Expanso’s vision is to meet data where it resides, whether distributed globally, and eliminate the need for extensive data transfers and centralization in cloud platforms. David Aronchick, the company’s founder and CEO, emphasizes the long-overdue need for infrastructure that caters to globally distributed workloads, promising a transformation in big data processing and global compute job execution.
Traditionally, enterprises derive value from vast data by transporting it across networks via intricate ETL pipelines and centralizing it in cloud data platforms. While effective for BI/AI applications, this approach consumes considerable time and financial resources. Aronchick recognized the challenges of globally distributed workloads in his career and saw a need for a better solution.

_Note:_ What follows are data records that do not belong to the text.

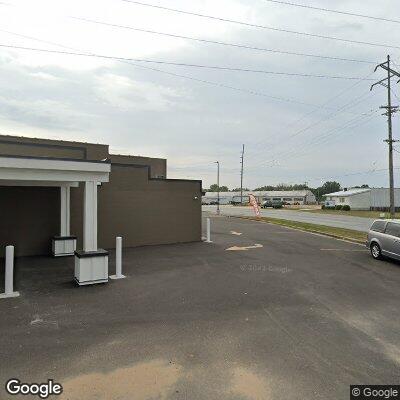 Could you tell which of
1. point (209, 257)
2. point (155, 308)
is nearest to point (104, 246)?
point (209, 257)

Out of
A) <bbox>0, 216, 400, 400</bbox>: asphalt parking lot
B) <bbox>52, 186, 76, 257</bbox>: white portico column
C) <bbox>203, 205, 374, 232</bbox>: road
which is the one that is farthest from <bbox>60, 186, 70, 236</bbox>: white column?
<bbox>203, 205, 374, 232</bbox>: road

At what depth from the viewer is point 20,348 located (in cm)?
525

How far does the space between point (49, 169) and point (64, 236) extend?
5.30 metres

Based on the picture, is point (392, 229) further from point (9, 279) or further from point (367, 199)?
point (367, 199)

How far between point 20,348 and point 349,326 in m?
5.64

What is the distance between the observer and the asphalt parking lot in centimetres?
437

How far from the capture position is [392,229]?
502 inches

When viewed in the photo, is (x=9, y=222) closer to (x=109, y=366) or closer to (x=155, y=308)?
(x=155, y=308)

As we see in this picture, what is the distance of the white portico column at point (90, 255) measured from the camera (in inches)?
351

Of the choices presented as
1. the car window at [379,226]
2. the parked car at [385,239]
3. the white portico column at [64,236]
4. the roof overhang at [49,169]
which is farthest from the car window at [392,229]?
the white portico column at [64,236]

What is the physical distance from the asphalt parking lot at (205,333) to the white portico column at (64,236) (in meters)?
2.08

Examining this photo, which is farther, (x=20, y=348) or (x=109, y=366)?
(x=20, y=348)

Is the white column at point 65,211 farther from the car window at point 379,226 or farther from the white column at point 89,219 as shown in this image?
the car window at point 379,226

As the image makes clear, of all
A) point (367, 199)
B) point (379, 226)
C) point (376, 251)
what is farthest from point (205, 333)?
point (367, 199) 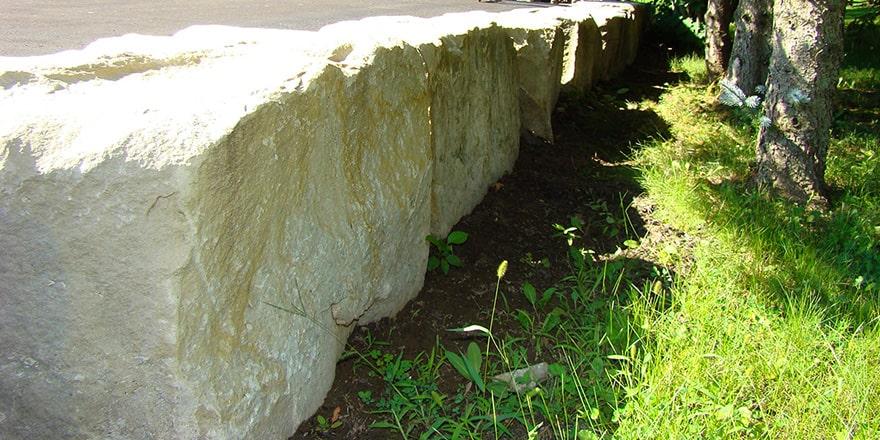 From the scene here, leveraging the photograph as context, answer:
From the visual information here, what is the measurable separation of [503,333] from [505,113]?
62.4 inches

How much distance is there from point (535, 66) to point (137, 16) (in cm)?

To address this challenge, he initiated a project to enable local compute job execution where data is stored, which evolved into Expanso. The project, launched in February 2022, rapidly gained momentum, leading to the release of the open-source project Bacalhau. Bacalhau operates on existing or planned distributed systems and schedules computing tasks directly on data storage locations. Users simply need to install a Bacalhau agent on their machines and connect to a public/private cloud network. This streamlined approach minimizes the need for extensive code rewriting, supporting various formats like Docker and WASM, making workflows simpler and more efficient.
With Bacalhau, teams can instantly analyze local data using lightweight Bacalhau nodes alongside their infrastructure. This reduces operational overhead, leverages idle edge computing resources, enhances security, speeds up processing, and reduces the risk of regulatory fines.
Bacalhau’s capabilities include data sanitization, processing application logs at the source, distributed ML training, processing files across distributed storage and regions, and managing distributed device fleets. Since its public demo launch, Bacalhau has executed over 2 million jobs across various use cases, collaborating with notable organizations such as the U.S. Navy, CalTech, University of Maryland, Prelinger Labs, WeatherXM, and others.
Expanso aims to expand Bacalhau’s support for additional enterprise use cases, address customer needs, and grow its user base, which currently boasts over 50,000 CLI downloads per month.